Whose responsibility is it?
However, we are also seeing that the public is increasingly skeptical about this catalog of solutions. Most of these consciously or unconsciously ignore that the environmental crisis is inseparable from the colonial capitalist system responsible for social inequalities, and there is an increasing awareness that they don’t seek to tackle social problems and even end up accentuating them. That is why, by presenting tools that highlight the responsibility of the individual, such as calls to reduce the carbon footprint or plastic recycling campaigns (tools that were created exprofessionally by oil companies), it has become easier to find responses that challenge this logic. We have reached a point where we cannot be asked to save water when government institutions and very recognizable companies continue their extraction and destruction of communities without being required to “save water”.

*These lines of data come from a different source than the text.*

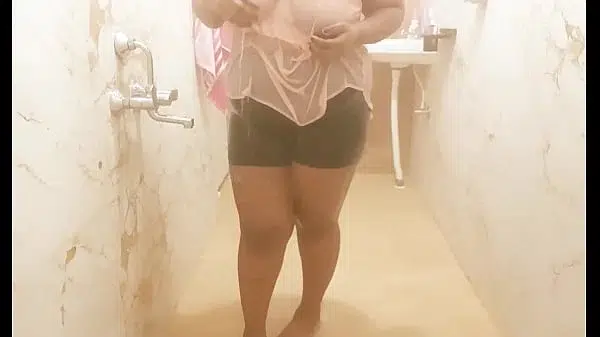 webcam sexy maid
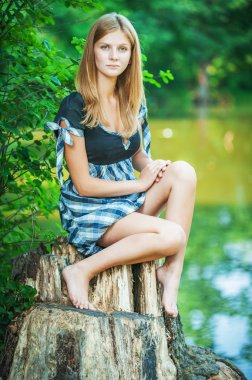 saplama üzerinde genç kadın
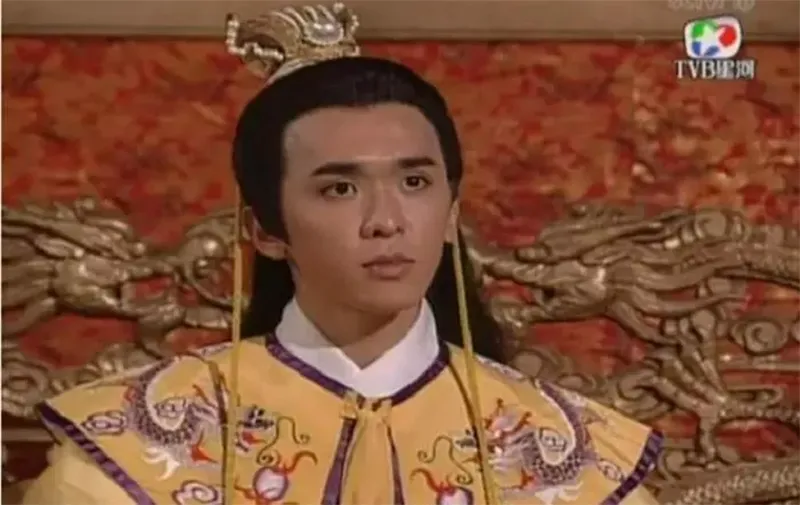 sao-nam-tung-noi-minh-ngheo-vi-chi-co-300-ty-nay-tut-doc-o-tuoi-u60-map-mo-voi-3-nguoi-vo-ho-3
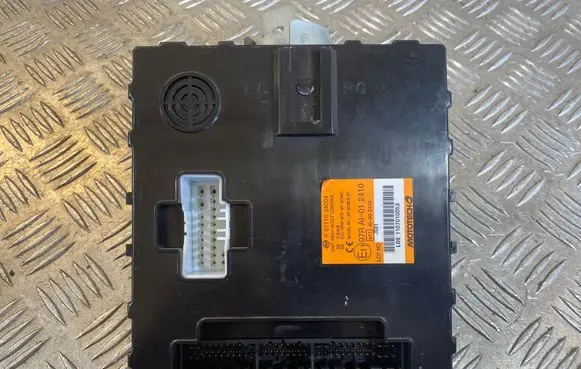 SsangYong Korando Comfort/convenience module 8711034004 1107010053 AL002410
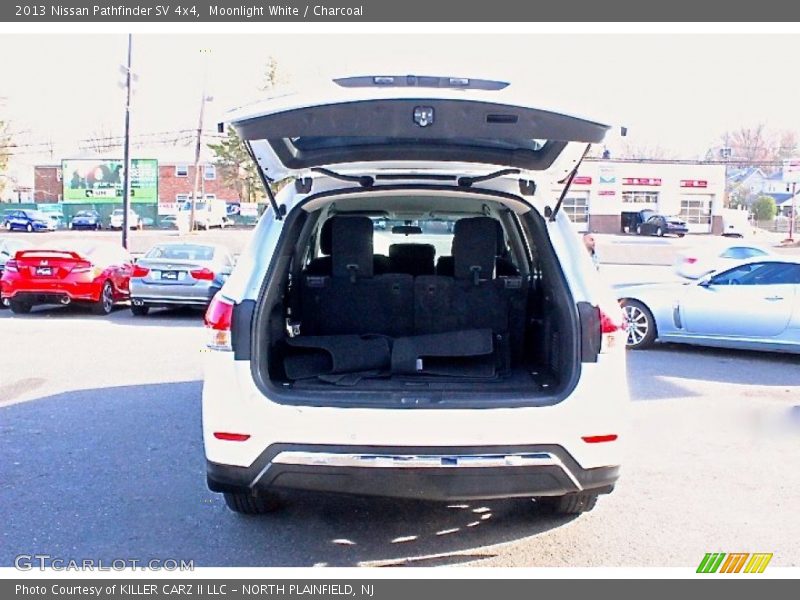 Moonlight White / Charcoal 2013 Nissan Pathfinder SV 4x4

And now, who will be able to defend us?
This situation has also created a new tipping point in how we decide to act in the face of the crisis. We have those who once again fold their arms and decide that since the problem is systemic and not one of individual change, they have no reason to do anything to change the way things work. On the other hand, there are those who demand THE ONE AND ONLY SOLUTION that, in a totalizing way, will turn the world upside down and lead us to a universal utopia. These new positions bring us back to the same starting point, where apathy and the imposition of a single vision dominate. We are so used to someone else telling us what to do that we are always looking for them to show us the right way out of this crisis. That is also why it is so difficult to answer those “what do I do?” questions that come up at the end of every conversation. Because I can’t say what is the way forward for someone who lives on the other side of the country in a completely different context than mine. The person who knows these problems best and what is needed to solve them is the one who lives them every day in the flesh. And not because I don’t care, but because I believe that a connection should come from solidarity and mutual support, not from what I think it’s best. We are so used to someone else telling us what to do that we are always looking for them to show us the right way out of this crisis. That’s why it is also considered that the environmental crisis is also a crisis of imagination.
Finding our way
In short, solutions to the environmental crisis come in many colors and flavors, and a key step is that they must not replicate the same processes that brought us the problem in the first place. However, not knowing where to start is also disempowering. Some of the first steps we can take are to engage with those who are already doing something in our communities or on issues that affect us. Tools like CartoCritica or the Environmental Justice Atlas are just a few examples of sites that show us who is doing environmental collective action and where. Social networks can also work in our favor to contact people who are already organized in our locality, and new narrative proposals are emerging that defend joy and tenderness, which present us with alternatives to imagine a better future. There is still much work to be done, so yes, you can help in this struggle, but only you can decide how.